The little spark of faith I had that I could do this started to grow. Nothing changed physically. I still took 200 mg. of ibuprofen every three hours and my shin was still swollen and red. But his faith in me was contagious and I started to think that yes, we would “get over these beautiful mountains” together.
It was only later that I realized how blessed we were to get a clear day. The very next day was completely foggy and Pilgrims reported they saw nothing but mist. Between discussing the importance of communication in relationships and pondering exactly how does the Holy Spirit work, we marveled at the beauty of the Pyrenees. Horses wandered the hills. Statues of the Virgin Mary appeared out of nowhere. Sheep dotted the hillside.
“I lift up my eyes to the mountains—where does my help come from?” asks the Psalmist. “My help comes from the Lord, the Maker of heaven and earth.”

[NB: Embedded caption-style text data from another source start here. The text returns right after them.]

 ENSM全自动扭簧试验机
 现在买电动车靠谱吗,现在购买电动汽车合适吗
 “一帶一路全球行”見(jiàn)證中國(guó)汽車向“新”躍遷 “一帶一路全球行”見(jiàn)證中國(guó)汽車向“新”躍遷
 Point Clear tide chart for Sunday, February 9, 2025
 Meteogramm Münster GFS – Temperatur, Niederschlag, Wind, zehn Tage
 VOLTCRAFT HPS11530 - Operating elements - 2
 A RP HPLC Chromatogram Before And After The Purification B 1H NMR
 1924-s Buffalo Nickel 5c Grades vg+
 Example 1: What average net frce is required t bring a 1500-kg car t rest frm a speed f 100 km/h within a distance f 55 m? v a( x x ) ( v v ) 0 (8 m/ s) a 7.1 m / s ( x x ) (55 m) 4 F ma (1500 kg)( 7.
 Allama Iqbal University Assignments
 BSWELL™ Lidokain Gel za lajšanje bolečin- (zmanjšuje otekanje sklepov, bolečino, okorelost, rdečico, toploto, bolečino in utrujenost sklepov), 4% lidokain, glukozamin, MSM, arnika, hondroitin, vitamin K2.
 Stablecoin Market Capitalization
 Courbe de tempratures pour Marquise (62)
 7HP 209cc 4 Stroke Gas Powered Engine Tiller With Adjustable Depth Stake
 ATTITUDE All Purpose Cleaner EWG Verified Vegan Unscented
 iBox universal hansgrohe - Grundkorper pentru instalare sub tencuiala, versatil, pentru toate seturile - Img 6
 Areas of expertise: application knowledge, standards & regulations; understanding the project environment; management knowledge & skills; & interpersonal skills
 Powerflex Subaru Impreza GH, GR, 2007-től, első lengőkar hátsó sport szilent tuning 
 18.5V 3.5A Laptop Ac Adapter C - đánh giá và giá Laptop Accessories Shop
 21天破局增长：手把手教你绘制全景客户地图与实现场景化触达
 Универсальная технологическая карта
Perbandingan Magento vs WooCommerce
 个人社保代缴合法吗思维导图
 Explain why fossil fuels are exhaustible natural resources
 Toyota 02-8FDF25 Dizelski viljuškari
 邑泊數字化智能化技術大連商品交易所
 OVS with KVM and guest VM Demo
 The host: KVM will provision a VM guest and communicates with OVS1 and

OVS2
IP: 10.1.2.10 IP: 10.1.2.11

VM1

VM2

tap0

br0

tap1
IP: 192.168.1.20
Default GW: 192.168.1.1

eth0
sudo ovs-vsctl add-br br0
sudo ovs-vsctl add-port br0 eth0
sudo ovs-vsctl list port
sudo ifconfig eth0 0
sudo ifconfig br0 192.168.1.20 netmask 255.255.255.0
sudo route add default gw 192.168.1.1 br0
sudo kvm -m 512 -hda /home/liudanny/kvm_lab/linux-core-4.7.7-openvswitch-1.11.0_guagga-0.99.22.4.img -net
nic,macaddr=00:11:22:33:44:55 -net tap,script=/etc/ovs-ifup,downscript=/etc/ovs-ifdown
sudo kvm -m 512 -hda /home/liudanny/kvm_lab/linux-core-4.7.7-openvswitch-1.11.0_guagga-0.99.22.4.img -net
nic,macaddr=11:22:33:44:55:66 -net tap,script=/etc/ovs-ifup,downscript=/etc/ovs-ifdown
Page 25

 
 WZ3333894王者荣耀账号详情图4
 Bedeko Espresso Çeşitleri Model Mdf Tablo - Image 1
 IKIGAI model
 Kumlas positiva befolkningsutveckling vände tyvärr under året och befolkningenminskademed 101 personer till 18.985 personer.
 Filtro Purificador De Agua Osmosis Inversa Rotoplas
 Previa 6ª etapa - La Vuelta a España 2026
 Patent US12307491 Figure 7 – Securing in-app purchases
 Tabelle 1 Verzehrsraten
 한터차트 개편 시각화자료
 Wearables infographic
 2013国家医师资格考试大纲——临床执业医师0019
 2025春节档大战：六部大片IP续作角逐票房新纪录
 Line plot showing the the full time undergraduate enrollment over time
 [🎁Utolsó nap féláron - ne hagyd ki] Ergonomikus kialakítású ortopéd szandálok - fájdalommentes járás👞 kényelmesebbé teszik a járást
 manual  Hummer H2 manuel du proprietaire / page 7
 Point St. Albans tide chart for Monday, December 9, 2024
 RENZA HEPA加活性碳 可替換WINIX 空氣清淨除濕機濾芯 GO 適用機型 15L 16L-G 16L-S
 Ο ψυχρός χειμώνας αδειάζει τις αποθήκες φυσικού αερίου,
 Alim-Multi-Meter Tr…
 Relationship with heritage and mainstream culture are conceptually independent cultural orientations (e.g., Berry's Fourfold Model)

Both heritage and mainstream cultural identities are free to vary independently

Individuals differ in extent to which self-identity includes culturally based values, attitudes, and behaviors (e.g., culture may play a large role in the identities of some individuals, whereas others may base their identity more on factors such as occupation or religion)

And sometimes that help comes in the form of a chubby graduate student who is not afraid to plunge into deep conversation or suggest a proper rest.
We walked into our destination Roncevalles together. We mingled with other pilgrims and I overheard Moritz saying about our climb, “I have to say I would not have made it without her.”
What? I would not have made it without him!
It turned out that he was struggling as well. He was out of shape, didn’t train and well—a little “shobby.” I had trained (yes, over trained) but was injured. We were the perfect pair.
I kept that taxi card and have it on my bathroom mirror. It reminds me that sometimes we need something like training wheels to get us started but at some point we need to commit. It also reminds me of how even if we have a just a tiny spark but are open, Spirit will provide what we need to make that spark a flame.
* Those Merino wool t-shirts? You really can sweat in them for days without any body odor. You do smell like a sheep but no human B.O.